Learn how to fine-tune & deploy open models like Llama 3.1 directly from your dataset using [Nebius Token Factory](https://dub.sh/nebius), an all-in-one platform for working with large language models (LLMs).

Before you begin, get your API key from the [Dashboard](https://tokenfactory.nebius.com/?modals=create-api-key).

Press Runtime → Run all to start fine-tuning on a free Google Colab instance.

## Step 1: Installation & Setup

In [None]:
!pip install -qq openai datasets

Before running, store your key in Colab Variables as `NEBIUS_API_KEY` or export it as an environment variable.





In [None]:
import os, json, time
from openai import OpenAI
from datasets import load_dataset
import requests

try:
    from google.colab import userdata
    nebius_api_key = userdata.get('NEBIUS_API_KEY')
except Exception:
    nebius_api_key = os.getenv("NEBIUS_API_KEY")

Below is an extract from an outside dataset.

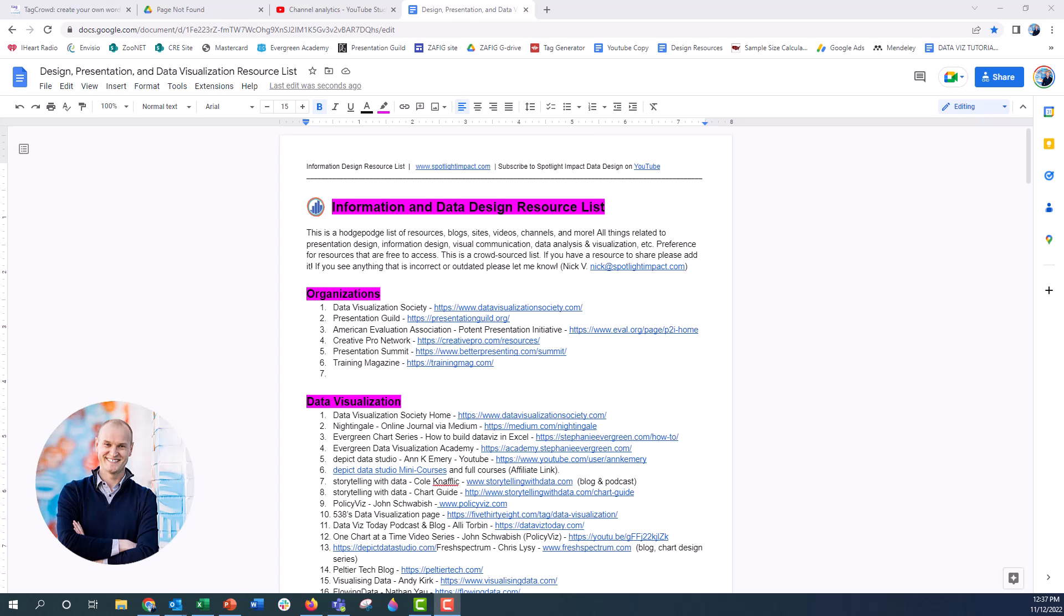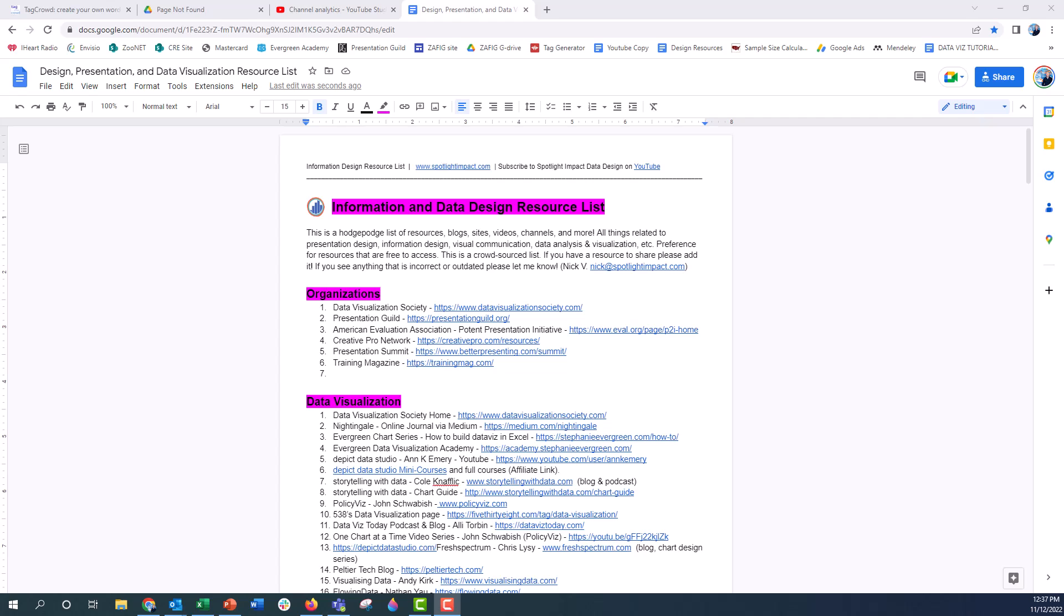Hi everyone, this is Nick and in this video I'm going to show you a quick trick for copying a Google Doc and sending it to someone else.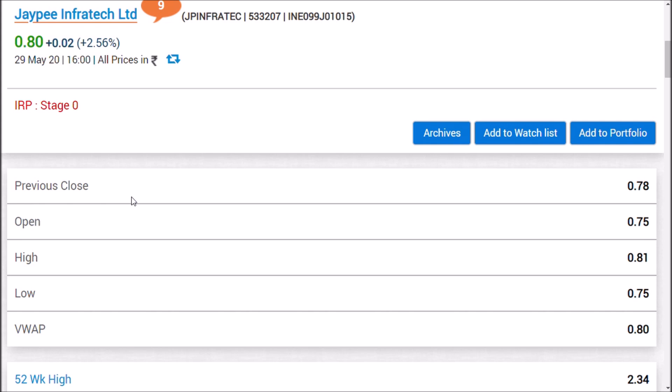JP Infratech, we will talk about JP Infra, Cox and Kings. We will talk about small penny stocks, penny stocks. For example, Laird Seals, Trident Limited, Wallock Industries.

assert nebius_api_key, "⚠️ Please set your NEBIUS_API_KEY via Colab or environment."

client = OpenAI(
    base_url="https://api.tokenfactory.nebius.com/v1/",
    api_key=nebius_api_key,
)


## Step 2: Prepare your dataset

Fine-tuning works best with conversational data (the OpenAI-style format with messages).
We’ll use a sample [dataset](https://huggingface.co/datasets/olathepavilion/Conversational-datasets-json)  from Hugging Face to keep things simple.

You can learn more about preparing DataSets [here](https://docs.tokenfactory.nebius.com/fine-tuning/datasets)

In [None]:
dataset = load_dataset("olathepavilion/Conversational-datasets-json", split="train")

formatted_data = [{"messages": entry["messages"]} for entry in dataset]

data_path = "training_data.jsonl"
with open(data_path, "w", encoding="utf-8") as f:
    for ex in formatted_data:
        f.write(json.dumps(ex, ensure_ascii=False) + "\n")

print(f"Saved {len(formatted_data)} samples to {data_path}")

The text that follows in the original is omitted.